Figure 1 One-year-ahead density forecast for global growth, 1991-2016

Source: IMF (2017), Figure 3.1.2.

Figure 1 also reveals some fundamental properties of the IMF’s estimates. The level of the top dashed line hardly changes. In fact, over the entire 25-year period studied, the 95th percentile of the GDP growth distribution moves between a high of 5.99% and a low of 4.57%. This is in sharp contrast with the measure of GDP at risk (the lower dashed line), which ranges from +3.59% to ‑14.53%. Importantly, these large downward movements are temporary – for most of the period since 1991, GDP at risk is not far below the median.

The asymmetry of the business cycle

The IMF’s estimates of the growth distribution exhibit an interesting pattern: as the median forecast falls, the forecast distribution widens. This relationship is unlikely to be an accident – increases in uncertainty typically are associated with projections of weaker growth, but (like recessions) these are relatively short in duration. Figure 2 highlights the correlation between the dispersion and the median: a one-percentage point decline in the median forecast (shown on the horizontal axis) is associated with a 5½ percentage point increase in the spread, nearly all of which reflects an increase in GDP at risk. (The fit of the line does not depend on the outliers at the top left.)

Figure 2 One-year-ahead median growth forecasts versus spread

Source: Based on Figure 3.1.2, IMF (2017).

These patterns are consistent with Milton Friedman’s (1993) plucking model of business fluctuations, based on his observation that growth tends to exhibit extended episodes of smooth, upward movement, punctuated by occasional cyclical contractions of shorter duration. That is, business cycles are inherently asymmetric – while the unemployment rate displays temporary jumps in recessions (say, from 5% to 10%), it does not plunge in booms from 5% to 0%. And, usually, it is not very far from 5%.

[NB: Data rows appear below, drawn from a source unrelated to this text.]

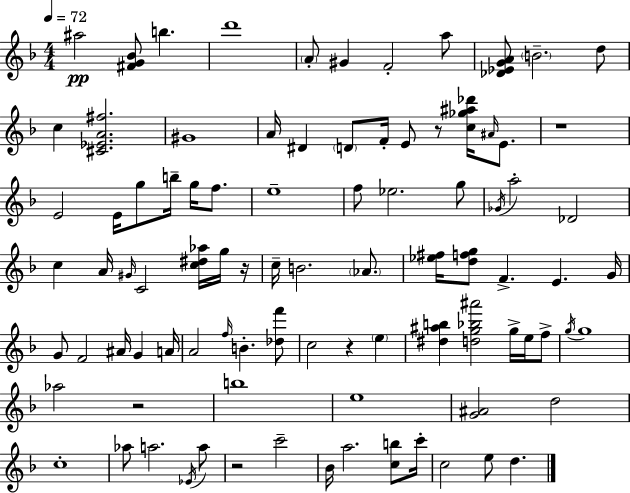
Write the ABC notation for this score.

X:1
T:Untitled
M:4/4
L:1/4
K:F
^a2 [^FG_B]/2 b d'4 A/2 ^G F2 a/2 [_D_EGA]/2 B2 d/2 c [^C_EA^f]2 ^G4 A/4 ^D D/2 F/4 E/2 z/2 [c_g^a_d']/4 ^A/4 E/2 z4 E2 E/4 g/2 b/4 g/4 f/2 e4 f/2 _e2 g/2 _G/4 a2 _D2 c A/4 ^G/4 C2 [c^d_a]/4 g/4 z/4 c/4 B2 _A/2 [_e^f]/4 [dfg]/2 F E G/4 G/2 F2 ^A/4 G A/4 A2 f/4 B [_df']/2 c2 z e [^d^ab] [dg_b^a']2 g/4 e/4 f/2 g/4 g4 _a2 z2 b4 e4 [G^A]2 d2 c4 _a/2 a2 _E/4 a/2 z2 c'2 _B/4 a2 [cb]/2 c'/4 c2 e/2 d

Why is the lower tail of the growth distribution so much bigger than the upper tail? One explanation starts with the fact that there are short-run constraints such that producing above capacity entails sharply higher costs. By contrast, on the downside, the only limit is that firms shut down. That’s a decline of 100%. Twenty years ago, Kim and Nelson (1999) showed that US GDP exhibits exactly this asymmetry. More recently, Dupraz et al.(2017) develop a model that generates these features.

Toward a financial stability policy framework

We see GDP at risk as a big step forward for policymakers. It is a complement to SRISK, the NYU Stern School Volatility Lab measure of the aggregate capital shortfall in the financial system. In addition to serving as an indicator of financial vulnerability, SRISK also tells us which individual intermediaries are contributing to that vulnerability. GDP at risk helps us to understand the linkages between the financial sector and the real economy at an aggregate level, and can tell us whether an increase in leverage outside of the financial sector increases the likelihood of a severe economic collapse.

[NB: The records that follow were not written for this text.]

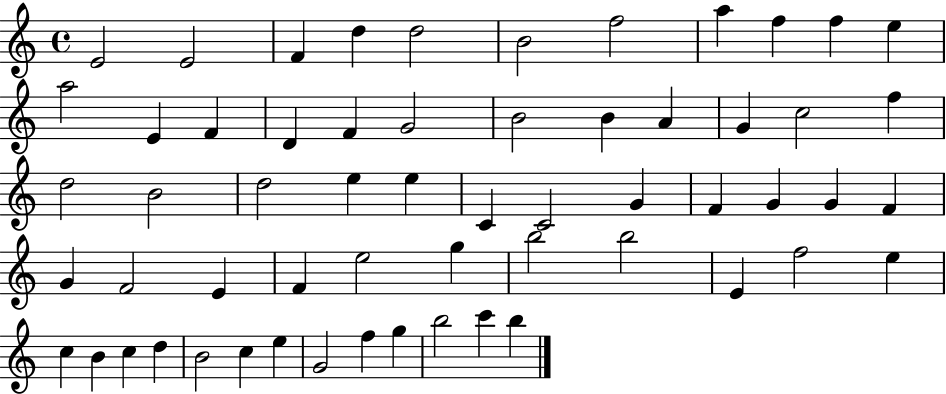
{
  \clef treble
  \time 4/4
  \defaultTimeSignature
  \key c \major
  e'2 e'2 | f'4 d''4 d''2 | b'2 f''2 | a''4 f''4 f''4 e''4 | \break a''2 e'4 f'4 | d'4 f'4 g'2 | b'2 b'4 a'4 | g'4 c''2 f''4 | \break d''2 b'2 | d''2 e''4 e''4 | c'4 c'2 g'4 | f'4 g'4 g'4 f'4 | \break g'4 f'2 e'4 | f'4 e''2 g''4 | b''2 b''2 | e'4 f''2 e''4 | \break c''4 b'4 c''4 d''4 | b'2 c''4 e''4 | g'2 f''4 g''4 | b''2 c'''4 b''4 | \break \bar "|."
}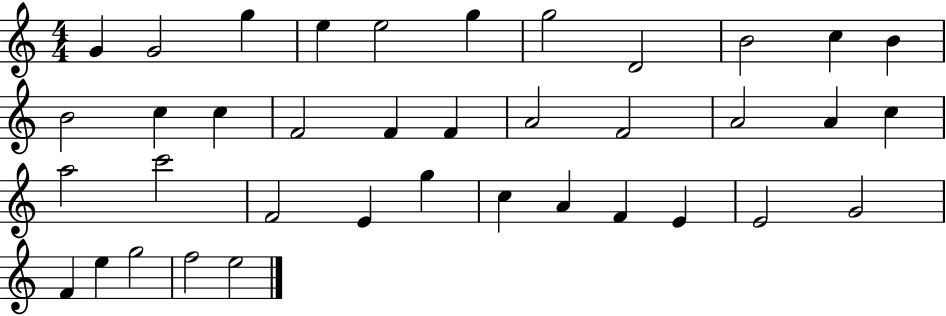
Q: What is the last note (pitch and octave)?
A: E5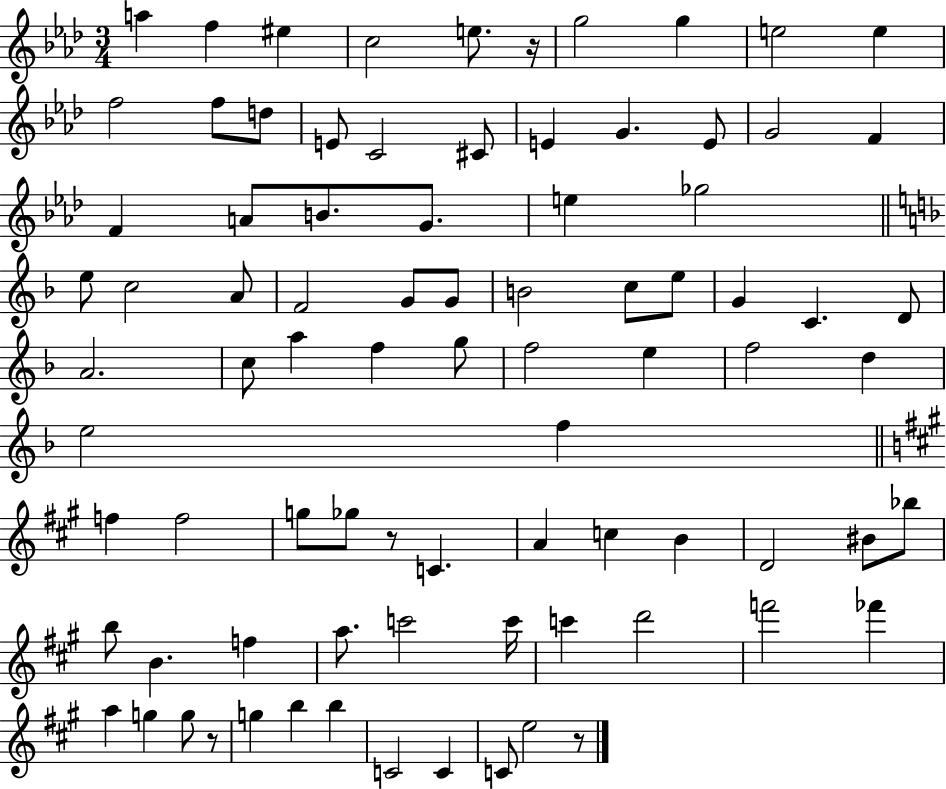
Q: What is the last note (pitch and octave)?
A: E5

GDP at risk has four useful characteristics. First, it is directly based on our ultimate objectives: high real economic growth and low unemployment. These are the foundation for improvements in social welfare.

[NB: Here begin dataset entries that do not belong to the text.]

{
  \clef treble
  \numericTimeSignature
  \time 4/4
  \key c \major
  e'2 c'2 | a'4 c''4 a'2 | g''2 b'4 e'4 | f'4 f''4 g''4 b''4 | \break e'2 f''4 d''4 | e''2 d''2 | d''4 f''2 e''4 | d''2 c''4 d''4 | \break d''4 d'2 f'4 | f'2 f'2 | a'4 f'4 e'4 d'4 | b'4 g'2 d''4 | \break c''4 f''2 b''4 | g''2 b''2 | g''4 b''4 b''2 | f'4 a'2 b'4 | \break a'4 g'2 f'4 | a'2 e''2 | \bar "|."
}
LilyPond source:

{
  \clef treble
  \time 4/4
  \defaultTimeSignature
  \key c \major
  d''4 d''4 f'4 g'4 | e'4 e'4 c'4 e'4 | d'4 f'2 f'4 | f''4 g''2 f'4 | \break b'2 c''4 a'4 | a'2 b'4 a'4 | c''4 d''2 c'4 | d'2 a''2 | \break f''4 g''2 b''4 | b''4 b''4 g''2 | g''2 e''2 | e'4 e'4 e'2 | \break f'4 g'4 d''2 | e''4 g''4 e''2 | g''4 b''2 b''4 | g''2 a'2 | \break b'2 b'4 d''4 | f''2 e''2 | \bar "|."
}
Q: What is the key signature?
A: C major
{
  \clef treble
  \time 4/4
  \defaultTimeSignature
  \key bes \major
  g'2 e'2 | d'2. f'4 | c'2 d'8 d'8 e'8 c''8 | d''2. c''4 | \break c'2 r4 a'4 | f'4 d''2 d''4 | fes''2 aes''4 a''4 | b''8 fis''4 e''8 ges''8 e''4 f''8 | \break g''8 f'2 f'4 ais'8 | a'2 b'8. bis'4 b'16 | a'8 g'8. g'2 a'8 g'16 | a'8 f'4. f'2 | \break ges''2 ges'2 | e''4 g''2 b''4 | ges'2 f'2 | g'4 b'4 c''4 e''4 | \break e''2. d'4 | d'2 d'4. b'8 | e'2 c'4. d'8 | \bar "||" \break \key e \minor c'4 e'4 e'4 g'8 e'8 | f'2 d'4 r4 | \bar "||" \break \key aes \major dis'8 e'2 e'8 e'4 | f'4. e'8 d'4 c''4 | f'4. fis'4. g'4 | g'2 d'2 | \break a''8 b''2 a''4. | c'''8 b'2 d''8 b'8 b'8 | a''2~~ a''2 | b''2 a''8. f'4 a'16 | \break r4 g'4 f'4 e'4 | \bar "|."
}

Second, because GDP already is one of the most widely understood economic concepts, using GDP at risk simplifies policy communication. Imagine two conversations, both between a policymaker and elected officials charged with overseeing the central bank to which they have delegated the role of maintaining financial and economic stability. The first discussion focuses on a measure based on the details of stress tests and network effects – the nuts and bolts of macroprudential policy. The second is anchored by the idea that policymakers should limit the likelihood of an outsized fall in GDP over the next several years. For example, those responsible for policy might say that the odds of a 5% drop over the coming two years should be less than one in ten (i.e. a 10% probability). While technical experts need to have the first conversation among themselves, the second is likely to be much more effective in helping others anticipate policy choices, and in accounting for them after the fact.

Third, provided we accept the centrality of GDP at risk, we can translate much of the machinery of inflation targeting into a financial stability policy framework. Financial Stability Reviews would look like today’s central bank Inflation Reports, with forecasts of GDP at risk at various horizons replacing the path of inflation projections. Of course, such forecasts require an understanding of what makes GDP at risk rise or fall. How important is corporate leverage relative to household leverage? How important are equity versus property price booms? What is the impact of fiscal policy? What types of cross-border capital flows create the biggest vulnerabilities?

Finally, GDP at risk can help discipline discussions of policy trade-offs. At short horizons, central bankers aim to encourage risk-taking when they lower interest rates – faced with an economic slowdown, they wish to stimulate lending. Over longer horizons, however, increased private leverage can create fragilities. So, policymakers want to know the extent to which lower interest rates reduce GDP at risk in the near term, and raise it in the longer term. There are surely many other examples as well.

For several decades prior to the crisis, many central banks with a price stability objective had achieved low and stable inflation. Today, with financial stability taking on such importance, we also expect central bank policies that will lower the probability and the severity of a crisis. But delivering on this means having appropriate risk measures, the tools for maintaining stability, and models that link the two.

GDP at risk is an important step forward in meeting this challenge.

Authors’ note: An earlier version of this column appeared on www.moneyandbanking.com.

References

Adrian, T, N Boyarchenko and D Giannone (2017), “Vulnerable Growth,” Federal Reserve Bank of New York Staff Report No 794, revised November 2017.

Cecchetti, S G (2008), "Measuring the Macroeconomic Risks Posed by Asset Price Booms," in J Y Campbell (ed.), Asset Prices and Monetary Policy, Chicago, IL.: University of Chicago Press, p. 9-43. 

Cecchetti, S G and H Li (2008), “Measuring the Impact of Asset Price Booms Using Quantile Vector Autoregressions,” unpublished manuscript, Brandeis International Business School.

Dupraz, S, E Nakamura and J Steinsson (2017), “A Plucking Model of Business Cycles,” unpublished manuscript, Columbia University.

Friedman, M (1993), “The ‘Plucking Model’ of Business Fluctuations Revisited,” Economic Inquiry 31(2): 171-177.

Greenspan, A (2003), “Monetary Policy under Uncertainty,” remarks at a symposium sponsored by the Federal Reserve Bank of Kansas City, Jackson Hole29 August 29.

IMF (2017), Financial Conditions and Growth at Risk, Global Financial Stability Report, October, Chapter 3.

Jorion, P (2000), Value at Risk: The New Benchmark for Managing Financial Risk, 2nd. New York: McGraw-Hill.

Kim, C-J and C R Nelson (1999), “Friedman's Plucking Model of Business Fluctuations: Tests and Estimates of Permanent and Transitory Components,” Journal of Money, Credit and Banking 31(3): 317-334.

Kroenker, R and K F Hallock (2001), “Quantile Regression,” Journal of Economic Perspectives 15(4): 143-156.

Endnotes

[1] The classic reference is Jorion (2000).

[2] See Cecchetti (2006).

[3] For a technical introduction, see Kroenker and Hallock (2001). For an early application, see Cecchetti and Li (2008).